## Work to be completed:
Retype the data that follows exactly. No pictures belong in the copy.

## Material shown:
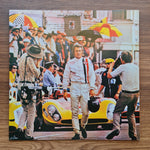 Michel Legrand – Le Mans Soundtrack Only Japan Vinyl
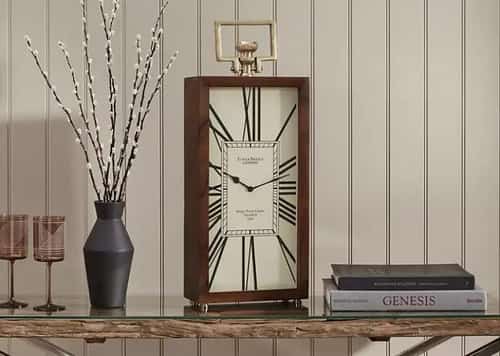 An EXTRA 10% off Clocks!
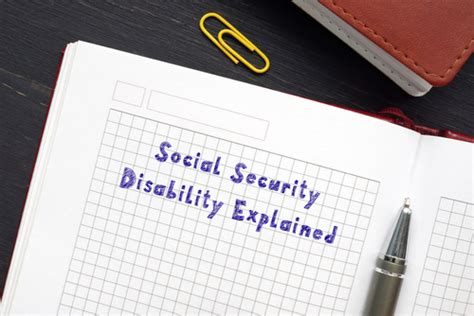 Are Social Security Disability Benefits Permanent? - Thurswell Lawrence Law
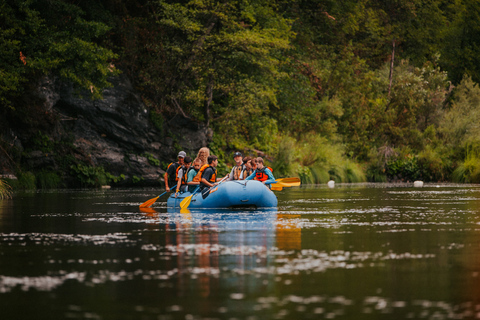 Rafting sur la rivière Trishuli Katmandou 1 jour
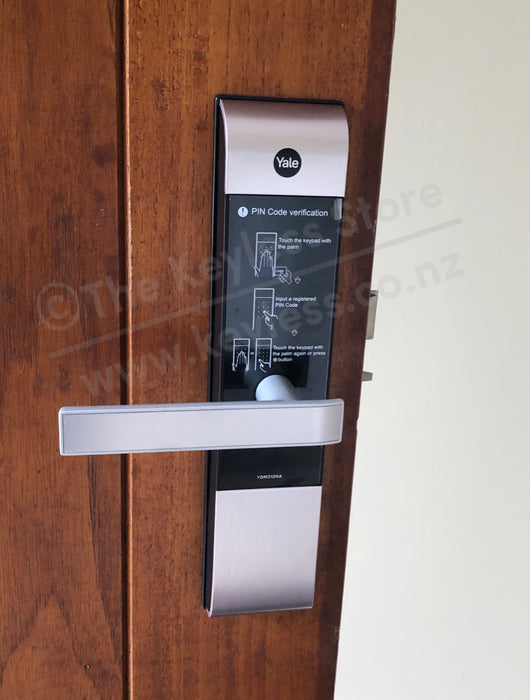 Yale 3109A Smart Door Lock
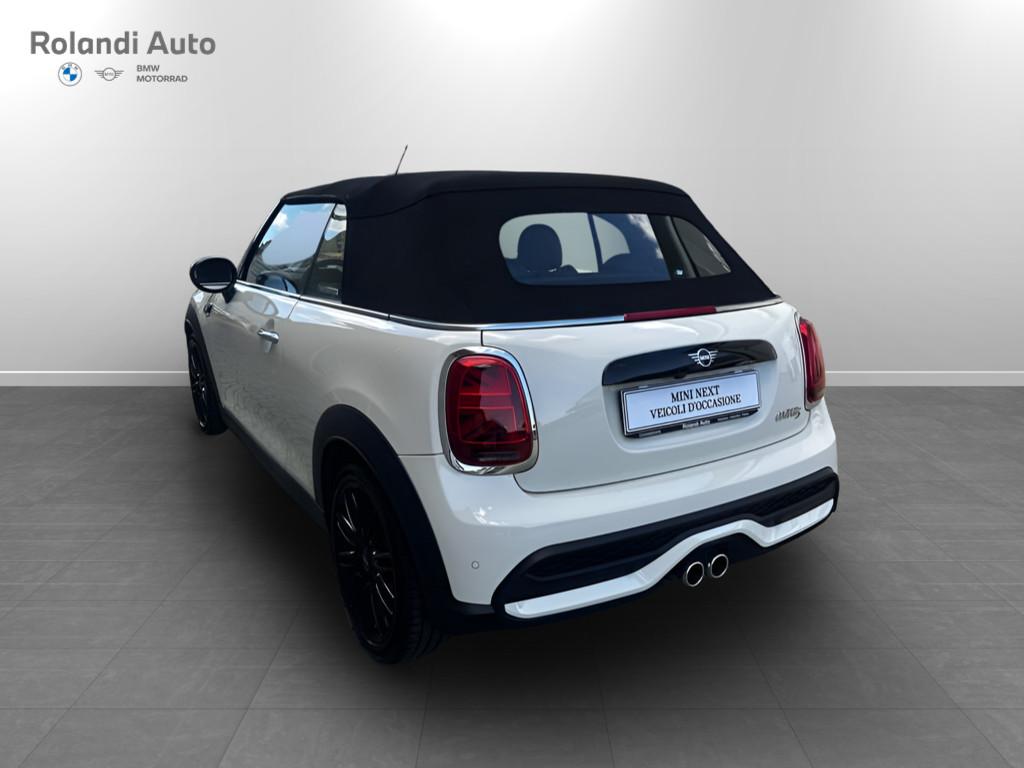 Mini Cooper S Cabrio 2.0 Cooper S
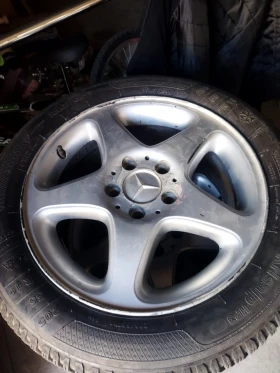 Гуми с джанти Kleber 205/55R16, снимка 2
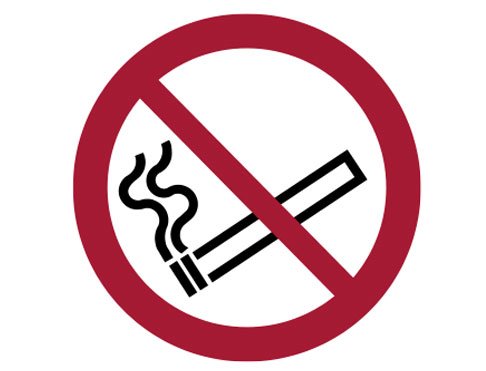 금지 표지 | Rambu Larangan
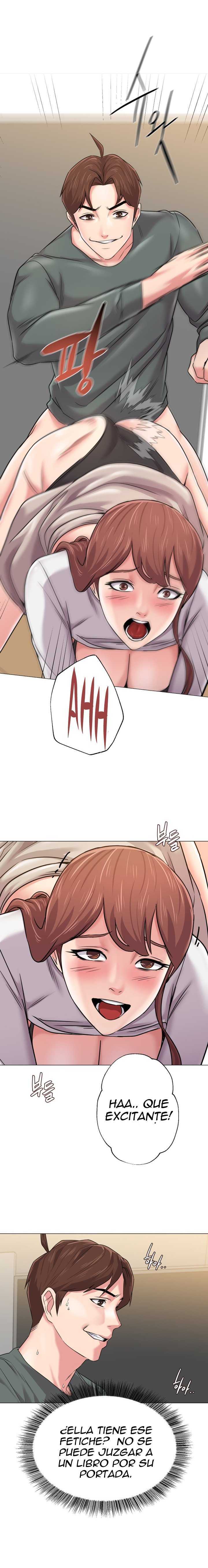 Sexual Teacher capítulo 52 página 11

## Written reply:
 Michel Legrand – Le Mans Soundtrack Only Japan Vinyl
 An EXTRA 10% off Clocks!
 Are Social Security Disability Benefits Permanent? - Thurswell Lawrence Law
 Rafting sur la rivière Trishuli Katmandou 1 jour
 Yale 3109A Smart Door Lock
 Mini Cooper S Cabrio 2.0 Cooper S
 Гуми с джанти Kleber 205/55R16, снимка 2
 금지 표지 | Rambu Larangan
 Sexual Teacher capítulo 52 página 11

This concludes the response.